SOURCE INFORMATION ->
===============

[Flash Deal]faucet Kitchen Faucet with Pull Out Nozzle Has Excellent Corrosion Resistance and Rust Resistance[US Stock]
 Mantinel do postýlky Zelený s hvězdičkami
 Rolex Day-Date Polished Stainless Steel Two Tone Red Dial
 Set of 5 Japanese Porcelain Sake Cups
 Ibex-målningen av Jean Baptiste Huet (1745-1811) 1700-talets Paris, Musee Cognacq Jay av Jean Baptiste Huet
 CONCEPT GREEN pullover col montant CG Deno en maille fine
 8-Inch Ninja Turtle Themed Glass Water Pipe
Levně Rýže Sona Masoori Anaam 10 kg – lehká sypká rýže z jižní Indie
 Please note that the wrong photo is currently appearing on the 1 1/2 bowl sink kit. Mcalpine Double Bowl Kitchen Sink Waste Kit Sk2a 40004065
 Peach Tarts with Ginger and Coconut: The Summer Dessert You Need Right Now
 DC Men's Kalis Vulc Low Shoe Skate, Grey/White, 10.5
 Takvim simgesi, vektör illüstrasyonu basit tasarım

===============

TO DO ->
From the data above, reproduce word for word the lines running from the line with "Set of 5 Japanese Porcelain Sake Cups" to the line with "8-Inch Ninja Turtle Themed Glass Water Pipe", ends included.

RESPONSE AREA ->
 Set of 5 Japanese Porcelain Sake Cups
 Ibex-målningen av Jean Baptiste Huet (1745-1811) 1700-talets Paris, Musee Cognacq Jay av Jean Baptiste Huet
 CONCEPT GREEN pullover col montant CG Deno en maille fine
 8-Inch Ninja Turtle Themed Glass Water Pipe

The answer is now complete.